Europe's migration system is broken, British Interior Minister Theresa May wrote on Sunday, blaming its borderless system for exacerbating a migrant crisis and demanding tighter European Union rules on free movement.
A surge in migrants fleeing war and poverty has presented Europe with its worst refugee crisis since World War Two and claimed the lives of thousands of people making perilous sea and land journeys to the continent.
Writing in The Sunday Times newspaper, May said the Schengen border code which eliminated systematic frontier controls across much of Europe, but which Britain is not part of, had fuelled the migrant crisis.
"The events of this summer have shown that the most tragic consequences of a broken European migration system have been borne by those at risk of exploitation," May wrote.
"As countries in Europe are increasingly realising, these tragedies have been exacerbated by the European system of no borders."
This week the bodies of 71 refugees, including a baby girl, were found in Austria inside an abandoned freezer truck and more than a hundred dead migrants washed ashore in Libya after an overcrowded boat sank on its way to Europe.

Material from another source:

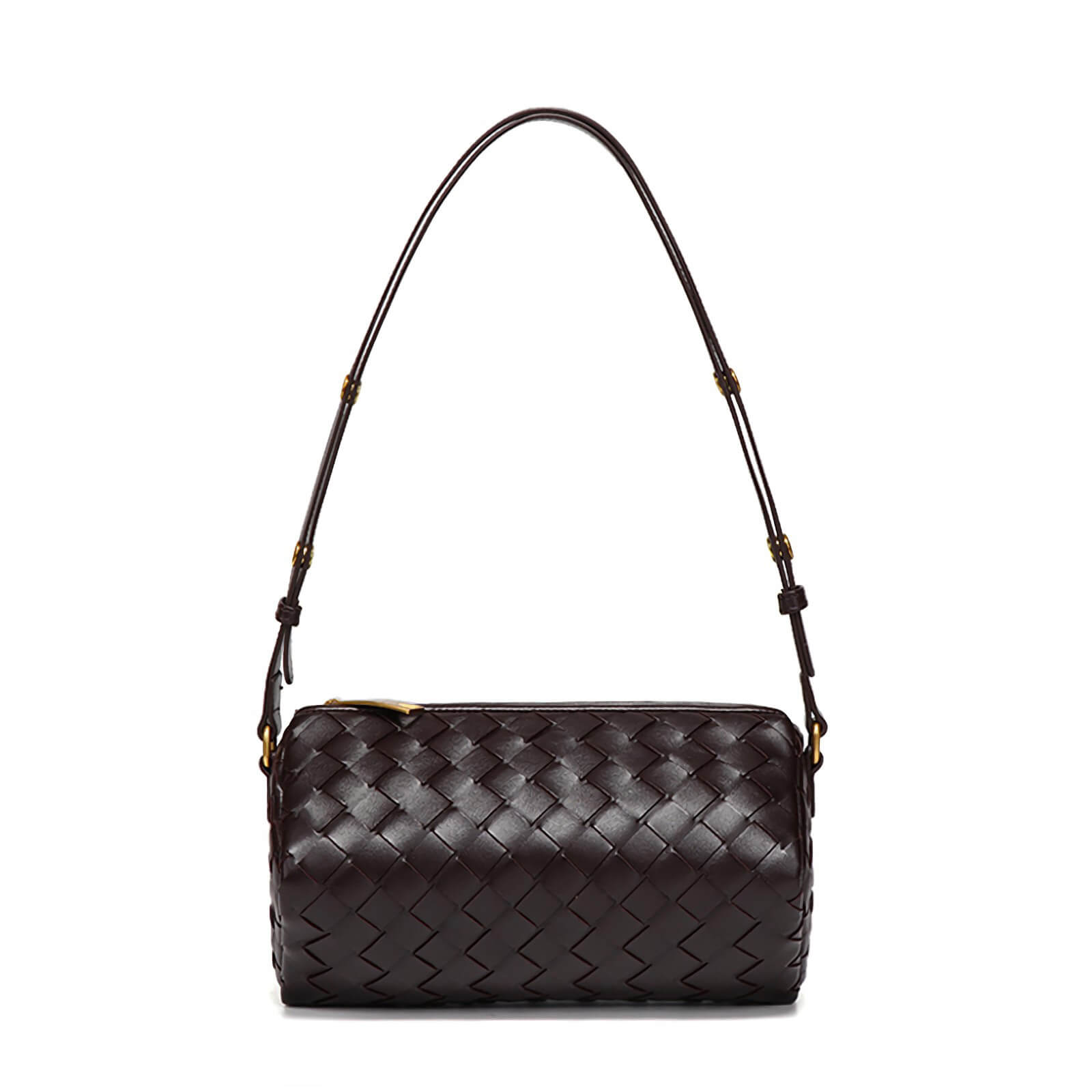 camera bag crossbody women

Some European governments are considering amending the Schengen code, but the European Commission, the EU executive which enforces it, insists it sees no need to change the rules, either to improve security or control migration.
"When it was first enshrined, free movement meant the freedom to move to a job, not the freedom to cross borders to look for work or claim benefits," May said. "We must take some big decisions, face down powerful interests and reinstate the original principle."
As an island nation off northwest Europe, Britain is far from the frontline of the EU-wide crisis that has seen hundreds of thousands of migrants and refugees pour into the bloc this year via countries like Italy, Greece and Hungary.
But migration is a politically sensitive topic. Data on Thursday showed annual net migration to Britain hit a record high of 330,000, causing political embarrassment for Conservative Prime Minister David Cameron, who in 2010 promised to reduce it below 100,000.
Germany calls for fairer distribution
Germany and a handful of other European Union states cannot go on absorbing a disproportionate share of refugees arriving in the bloc and other members must do more, a government spokesman said on Sunday.
Germany expects the number of asylum seekers it receives to quadruple to about 800,000 this year.
Two state premiers said over the weekend the total could even hit 1 million in 2015.
“Germany and a few other countries are by far ... those that receive the most refugees,” government spokesman Steffen Seibert told a news conference.
“With 28 European member states, that cannot remain the case on a continuing basis. There will have to be a fairer distribution of refugees, with more solidarity.”
Uniform EU rules on the anvil, says Italy
The European Union migrant crisis will eventually push the 28-nation bloc to adopt uniform rules for refugees and end a patchwork of norms that have exacerbated the emergency, Italian Prime Minister Matteo Renzi said.
“It will take months, but we will have a single European policy on asylum.” Renzi said the EU needed to be more present in Africa and the Middle East to improve living conditions and discourage migration. It also needed to make it easier to repatriate those not granted refugee status. “This is the time to launch a political and diplomatic offensive,” he said.
France criticises eastern Europe’s “scandalous” policy
French Foreign Minister Laurent Fabius accused eastern European states, notably Hungary, on Sunday of a “scandalous” policy towards refugees going against the values of the European Union.
“With regard to all those people who are politically chased out of their country we have to be able to welcome them,” Fabius told Europe 1 radio.
“Every country has to respond to that. France, Germany, others have, but when I see certain countries that do not accept these groups, I find that scandalous.”
“In particular eastern European states. They are extremely harsh. Hungary is part of Europe, which has values and we do not respect those value by putting up fences,” Fabius said.
Hungary, which is part of Europe’s passport-free Schengen zone, is building a fence along its border with Serbia to contain what it calls a threat to European security, prosperity and identity.
“Hungary is not respecting Europe’s common values so the European authorities need to have a serious discussions, even a stern discussion with its officials,” Fabius said.